Дальше на очереди у девочки был магазин. Как раз неподалеку только что открыли новый трехэтажный «Военторг»: по вечерам на нем горели неоновые ленты и солдат с мечом, как на открытках к Дню Победы. Вещи в магазине привлекали девочку тем, что были пока что ничьи: их можно было присвоить, застать врасплох. В «Военторге», помимо огромного зала самообслуживания, где все катали дребезжащие тележки, а после, освободив их от покупок, с грохотом запускали в решетчатый, сцепившийся колесами косяк, девочку поразил отдел, где продавались погоны, какие-то другие, яркие и цепкие, знаки различия, шинели, фуражки с кокардами. Если все это разрешалось покупать за деньги, значит, остальное можно было просто брать себе.
Однако дело оказалось не такое легкое. Девочка долго бродила по пустынному залу, под бесконечно длинными трубчатыми лампами, и тележка виляла, норовя уткнуться в валкие груды, осыпчивые вороха.
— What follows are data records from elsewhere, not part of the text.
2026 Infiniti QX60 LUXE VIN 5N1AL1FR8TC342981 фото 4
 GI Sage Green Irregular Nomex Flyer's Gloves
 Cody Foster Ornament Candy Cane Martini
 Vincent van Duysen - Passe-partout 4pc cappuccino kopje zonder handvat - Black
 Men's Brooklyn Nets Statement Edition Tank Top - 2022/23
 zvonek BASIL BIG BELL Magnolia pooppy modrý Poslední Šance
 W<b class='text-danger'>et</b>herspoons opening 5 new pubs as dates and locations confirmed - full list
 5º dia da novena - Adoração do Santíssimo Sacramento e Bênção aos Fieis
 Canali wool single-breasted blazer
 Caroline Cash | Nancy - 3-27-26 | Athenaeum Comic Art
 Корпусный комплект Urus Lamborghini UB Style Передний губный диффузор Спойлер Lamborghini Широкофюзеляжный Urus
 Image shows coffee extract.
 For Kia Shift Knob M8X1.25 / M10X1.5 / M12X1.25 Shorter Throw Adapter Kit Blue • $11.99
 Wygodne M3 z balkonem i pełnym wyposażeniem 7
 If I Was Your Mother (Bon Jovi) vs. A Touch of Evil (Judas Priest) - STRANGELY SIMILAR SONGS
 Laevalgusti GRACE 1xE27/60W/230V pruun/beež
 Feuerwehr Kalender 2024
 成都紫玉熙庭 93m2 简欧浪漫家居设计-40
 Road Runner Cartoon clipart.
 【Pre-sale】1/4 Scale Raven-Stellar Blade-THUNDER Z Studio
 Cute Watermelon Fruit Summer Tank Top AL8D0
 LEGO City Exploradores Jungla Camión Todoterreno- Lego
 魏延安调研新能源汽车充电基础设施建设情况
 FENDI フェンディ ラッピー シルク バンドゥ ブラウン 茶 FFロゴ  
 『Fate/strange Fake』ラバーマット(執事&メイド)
Вдалеке, расположенные в ряд, бойко тарахтели кассы; чтобы на девочку ничего не подумали, ей тоже надо было что-то купить. Она сообразила это слишком поздно, в кармане кофты оказались только четыре щуплые копейки, и к тому же за ней давно смотрела, словно бы просто так проплывая от стеллажа к стеллажу, лупоглазая продавщица. Изо всех работающих в зале эта была самая огромная: ее будто до отказа надули воздухом, оттого она так и таращилась и словно еле сдерживала какой-то ужасающий, пронзительный крик. Постепенно продавщица подступала ближе, будто девочка в ее внушительном присутствии становилась все меньше и ее делалось все труднее разглядеть. Маленькая воровка отступала, в тупике игрушек ее окружили плюшевые чудовища, лиловые и желтые, с дерматиновыми сморщенными пятками, с капроновыми усами. У всех у них на задних лапах болтались картонки с ценой (много позже Катерина Ивановна, навещая в онкологии умирающую мать, случайно сунулась в какой-то кафельный закуток и увидала на столах неживые, словно маринованные ступни с исписанными бирками: она не вспомнила, где видела такое прежде, но ее потрясло, насколько это буднично и просто — мертвецкая; и еще ей почудилось, что на бирках проставлены цифры, точно выражающие чью-то неизвестную вину). Повертев бумажки, девочка почувствовала, что они мешают ей воровать не меньше продавщицы: цена означала точную меру ее вины, от которой потом не отопрешься. К тому же все в магазине, по ее понятиям, стоило непомерно дорого и прямо-таки раздувалось от своей дороговизны, а увеличившись по весу и материалу, снова росло в цене. Такие вещи просто нельзя было украсть — и когда от очередного заворота тележных колес в нее, басовито вякнув, свалился и свесился на обе стороны оранжевый медведь, она поспешно приткнула его на стеллаж и заюлила колесами к кассам. Отстояв небольшую очередь, девочка выбралась из зала как была: с четырьмя копейками в кармане и с чужим надорванным чеком на дне тележки; ей сделалось весело, что она ничего не взяла и всех обманула, и она даже пожалела, что продавщица и кассирша не решились ее обыскать.